Given an array A of strings, find any smallest string that contains each string in A as a substring.

We may assume that no string in A is substring of another string in A.

 

Example 1:

Input: ["alex","loves","leetcode"]
Output: "alexlovesleetcode"
Explanation: All permutations of "alex","loves","leetcode" would also be accepted.

Example 2:

Input: ["catg","ctaagt","gcta","ttca","atgcatc"]
Output: "gctaagttcatgcatc"

 

Note:

  1. 1 <= A.length <= 12
  2. 1 <= A[i].length <= 20
 

Related Topics:
Dynamic Programming

Solution 1. Subset DP

The idea is similar to Traveling Salesperson Problem (TSP) -- instead of enumerating all the permutations, enumerate all the subsets and memoize the result.

Note that this solution doesn't use the assumption that no string in A is a substring of another string in A.

// OJ: https://leetcode.com/problems/find-the-shortest-superstring/
// Author: github.com/lzl124631x
// Time: O(2^N * N * W)
// Space: O(2^N * N * W)
class Solution {
public:
    string shortestSuperstring(vector<string>& A) {
        string dp[1 << 12] = {};
        int N = A.size();
        for (int mask = 0; mask < (1 << N); ++mask) { // try to extend from the current subset to the next subset
            for (int i = 0; i < N; ++i) { // try extending using A[i]
                if (mask >> i & 1) continue; // If A[i] already used, we can't extend with it
                int next = (mask | (1 << i)), len = min(A[i].size(), dp[mask].size()); // `next` represents the next subset.

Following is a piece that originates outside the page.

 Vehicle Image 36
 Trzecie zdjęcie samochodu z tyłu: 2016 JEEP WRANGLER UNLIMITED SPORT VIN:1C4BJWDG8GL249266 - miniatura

Try to get the overlap length between `dp[mask]` and `A[i]`
                while (len >= 1 && dp[mask].substr(dp[mask].size() - len) != A[i].substr(0, len)) --len;
                auto s = dp[mask] + A[i].substr(len);
                if (dp[next].empty() || s.size() < dp[next].size()) { // Try updating the optimal solution of the next subset -- `dp[next]`.
                    dp[next] = s;
                }
            }
        }
        return dp[(1 << N) - 1];
    }
};

Solution 2. Subset DP

Considering the assumption that no string in A is a substring of another string in A. We don't need to consider the case that a single string overlaps more than one previously used strings, so we can precompute the overlaps between two strings.

// OJ: https://leetcode.com/problems/find-the-shortest-superstring/
// Author: github.com/lzl124631x
// Time: O(2^N * N * W)
// Space: O(2^N * N * W)
class Solution {
public:
    string shortestSuperstring(vector<string>& A) {
        string dp[1 << 12] = {};
        int overlap[12][12] = {}, last[1 << 12] = {}, N = A.size();
        for (int i = 0; i < N; ++i) {
            for (int j = 0; j < N; ++j) {
                if (i == j) continue;
                int len = min(A[i].size(), A[j].size()) - 1;
                while (len >= 1 && A[i].substr(A[i].size() - len) != A[j].substr(0, len)) --len;
                overlap[i][j] = len;
            }
        }
        for (int mask = 0; mask < (1 << N); ++mask) {
            for (int i = 0; i < N; ++i) {
                if (mask >> i & 1) continue;
                int next = (mask | (1 << i)), len = mask ? overlap[last[mask]][i] : 0;
                auto s = dp[mask] + A[i].substr(len);
                if (dp[next].empty() || s.size() < dp[next].size()) {
                    dp[next] = s;
                    last[next] = i;
                }
            }
        }
        return dp[(1 << N) - 1];
    }
};

Solution 3. Subset DP

Instead of storing all the string DP values, for a subset mask, we only store the index of the last string (as last[mask]) and the length (as len[mask]) of the optimal solution. We can use last[mask] to rebuild the optimal solution.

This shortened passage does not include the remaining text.